Por: Erlon José Paschoal
Outro dia alguém me perguntou como entender esses nossos tempos pós-modernos em toda a sua complexidade, aceleração e virtualidade, considerando, ao mesmo tempo, os sonhos, as relações humanas e as utopias. Não pretendo aqui dar uma definição do pós-moderno, uma vez que se trata de um conceito fluido e multifacetado, e muitas vezes controverso, mas tão somente relembrar alguns aspectos importantes nesse contexto. De qualquer modo, falar do pós-moderno, antes de mais nada, é falar do presente ininterrupto, em contraposição a um passado próximo, de poucas décadas atrás.
Um de seus traços mais evidentes é a fragmentação das linhas de orientação de nossa existência tão caras aos tempos modernos, e a dissolução de inúmeros conceitos: a razão esclarecedora, a história determinista, o Estado absoluto, a ciência a serviço da maioria, o sujeito coletivo e a massa coesa capaz de mudar a sociedade e fazer revoluções. Todas essas certezas, como sabemos, se esfacelaram após a queda do muro de Berlim e, sobretudo, das torres gêmeas.
Vivemos hoje um presente contínuo, ao contrário dos tempos modernos nos quais se vislumbrava e se construía coletivamente o futuro. Em nossos tempos quase não se crê que seja possível aprender algo com o passado, tampouco se criam expectativas ou projetos em relação ao futuro. As fronteiras entre as várias disciplinas do saber, as práticas sociais, as identidades, as linguagens artísticas se dissolveram ou se tornaram tênues. Os conceitos de transversalidade, transdisciplinaridade, multiculturalismo, diversidade e interface orientam muitas de nossas ações e atividades. Mesmo as fronteiras bastante sólidas foram abaladas: entre masculino e feminino e entre realidade e ficção, por exemplo. Nesse aspecto, das inúmeras opções sexuais às variadas escolhas e avatares há um leque amplo de gradações.
Predomina, de qualquer modo, uma liberdade de combinar tudo com tudo, de aproximar conceitos muitas vezes excludentes. De um lado é algo positivo que nos remete ao anarquismo, à inovação e aos fundamentos da criação artística. Por outro lado, convivendo com esta riqueza de possibilidades, constata-se uma ausência de finalidades, de metas, de objetivos claros e definidos, e de conclusão.
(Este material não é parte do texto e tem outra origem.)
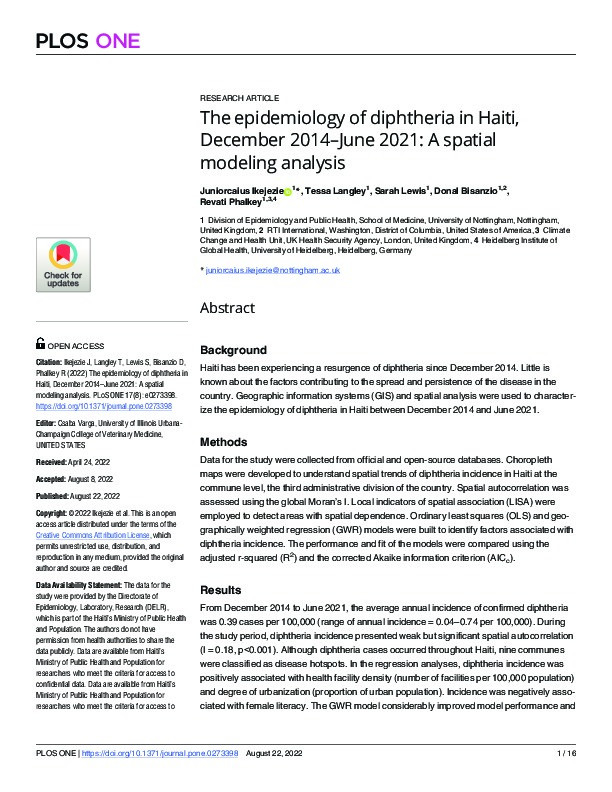 The epidemiology of diphtheria in Haiti, December 2014-June 2021: A spatial modeling analysis Thumbnail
Acostumamo-nos com a flexibilidade, a impermanência, a fluidez e a ausência de garantias, sejam elas relativas às crenças, ao emprego ou à organização social. Quanto mais risco, mais variação. Quanto mais garantias, mais estabilidade. O poder perdeu a sua centralidade. Para muitos a ausência de verdades absolutas significa também o fim dos totalitarismos, embora alguns apontem formas mais sofisticadas de controle em nossos dias. Segundo Chomsky, com a extrema vigilância que reina nos dias atuais, as formas de controles se tornaram sutis e eficazes. Basta lembrarmo-nos do estado de exceção permanente em que vivem vários países a pretexto de combaterem o terrorismo. E também a atração que exercem inúmeras práticas grupais e comportamentos fascistas.
Não temos mais um discurso universal, pois seria algo dispensável na pluralidade de centros em que vivemos, pois não necessitamos mais de verdades permanentes. Tomemos, por exemplo, duas áreas fundamentais da vida humana que foram bastante flexibilizadas, tornando-se completamente fluidas: o amor e a profissão. Ambas deixaram de ser uma eleição única, para toda a vida. Perderam a característica de obrigação e escravidão e ganharam em ludicidade e não seriedade. A cara metade para toda a vida tornou-se um “ficar” que pode ser rompido a qualquer momento. O conceito de vocação, relativo à esfera do trabalho, foi substituído pelas experimentações, enquanto a auto-realização vinculada à escolha de uma profissão deu lugar à busca do reconhecimento social e muitas vezes do êxito fácil e imediato, que leva a um desapego do trabalho e a um desprezo pelo durável e pelo permanente. Há sem dúvida uma valorização excessiva do sucesso rápido em detrimento da experiência e do aprofundamento.
Como se orientar então em meio a estas infinitas e renovadas possibilidades? Discernir, avaliar, separar e escolher impõem-se, portanto, como exigências básicas de nossa época, uma tarefa cotidiana e contínua. Como não é possível suportar apenas o presente absoluto, como ficam os sonhos individuais e os coletivos? Surgirão daí novas utopias? Vamos viver para ver.....
*Gestor cultural, Diretor de Teatro, escritor e tradutor de alemão.